Analyzing corporate data often requires examining various texts, such as customer reviews, open-ended survey responses, and third-party product descriptions. Traditionally, this involves complex methods to prepare the text for analysis: translating, removing unnecessary characters and stop words, breaking it into words or phrases, and standardizing the text. After preparation, techniques like frequency analysis, sentiment analysis, classification, summarization, and named entity extraction can be applied.
Automating this process is challenging. Each specific task often requires a specialized algorithm, and complex analyses might still need manual processing. Due to these complexities, text data is underutilized in business intelligence (BI), despite its potential to provide valuable insights for decision-making.

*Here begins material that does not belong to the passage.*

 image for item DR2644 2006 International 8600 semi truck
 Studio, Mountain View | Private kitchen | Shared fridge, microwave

With the introduction of large language models (LLMs) in natural language processing (NLP), Zoolatech has developed a streamlined approach to simplify and automate text analysis for BI.
All input data and processing results are stored in Google BigQuery Data Warehouse (DWH). BigQuery offers built-in features for machine learning and integrates seamlessly with Vertex AI.
Data processing, both batch and manual, is automated using Google Dataform. Dataform allows analysts to write code in SQL and JavaScript, store scripts in Git/GitHub, and run them manually or automatically. It also supports running unit tests, significantly simplifying the analysts’ workflow.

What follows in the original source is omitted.